Há pessoas que passam pela nossa vida e deixam vácuos, buracos, ausências. Essas pessoas são gentis, carinhosas, divertidas e respiram demais. Elas têm a capacidade de fazer desaparecer o oxigénio. O peito torna-se apertado e passamos a ter dificuldade em respirar, ficamos estupefactos olhando para aquela figura que sufoca a nossa bolha de atmosfera e torna tudo em redor absolutamente abafado. E depois, existem os sanguessugas de oxigénio, passo o erro científico (e viva a liberdade poética). Mesmo quando não estão por perto, estão presentes. Estão ali, na roupa lavada sobre a cama de edredão verde, nos chinelos esquecidos no meio do quarto desarrumado, na lenha que estala na lareira, no barulho que geme do vizinho. Para onde quer que tentemos fugir, lá estão eles, com a sua lealdade; maldita e cúmplice lealdade inabalável.
E os espaços vazios da nossa vida vão aumentando. Vamos dando-lhes nomes e preenchendo-os com palavras e explicações. Vamos mascarando-os com sorrisos e gargalhadas. O vazio é escuro. É preto e profundo.
Ele gosta da noite e do molengar na cama. É companheiro do silêncio e das músicas calmas. Reflecte-se nos olhos e é expelido pelas lágrimas. Dizem que a água limpa o vazio. Eu digo que a água deixa o vazio mais turvo, mais manchado, mais debilitado.

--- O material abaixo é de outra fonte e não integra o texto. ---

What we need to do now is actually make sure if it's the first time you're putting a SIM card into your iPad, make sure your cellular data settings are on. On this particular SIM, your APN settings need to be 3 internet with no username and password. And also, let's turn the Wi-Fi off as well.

A água mascara a ausência, assim como os novos amigos, um perfume novo, uma boa comida e um telefonema inesperado. Mas a cada momento camuflado, a cada risada forçada, o vazio vai ganhando a batalha e alargando-se, empestando o nosso corpo de espaços despojados de calor e sentimento.
E a cada fechar de olhos, lá esta ele de novo. A tal palavra que escuso de repetir.

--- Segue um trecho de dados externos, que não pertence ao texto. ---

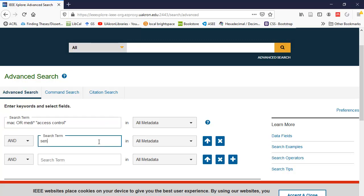For the search term text box, on the second line, I'm going to type in sensor. This will find sensor or sensors. It uses stemming because I didn't use the star character or truncation character, and I didn't use quotation marks to make an exact phrase.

Já foi dita e redita 7 vezes neste texto. Não admira que nunca venha a ser uma escritora de verdade. Que falta de imaginação (e diversidade vocabular).

01 abril 2007

cabeça prolixa

Eu falo sozinha. Eu falo muitas vezes sozinha. Eu falo descontrolada e compulsivamente sozinha.
Sempre achei que tivesse um problema. Mas não.
Uma vez conversava com um amigo. Ele é daquelas pessoas estranhamente especiais que só se conhecem em circunstâncias ridiculamente caricatas e com quem só se tem conversas absurdamente divertidas.
Chega de advérbios de modo. Voltemos ao meu amigo.
Nesse dia, enquanto me tentava convencer que jantasse em sua casa, explicava-me que estar consigo significava nunca estar triste. Não porque ele fosse uma pessoa extremamente optimista e hilariante mas porque não precisava de mais nada para se divertir, somente dele próprio. Era com ele mesmo que conversava e com quem ria horas a fio. Era ele o seu confidente e companheiro. Ele era a sua melhor companhia.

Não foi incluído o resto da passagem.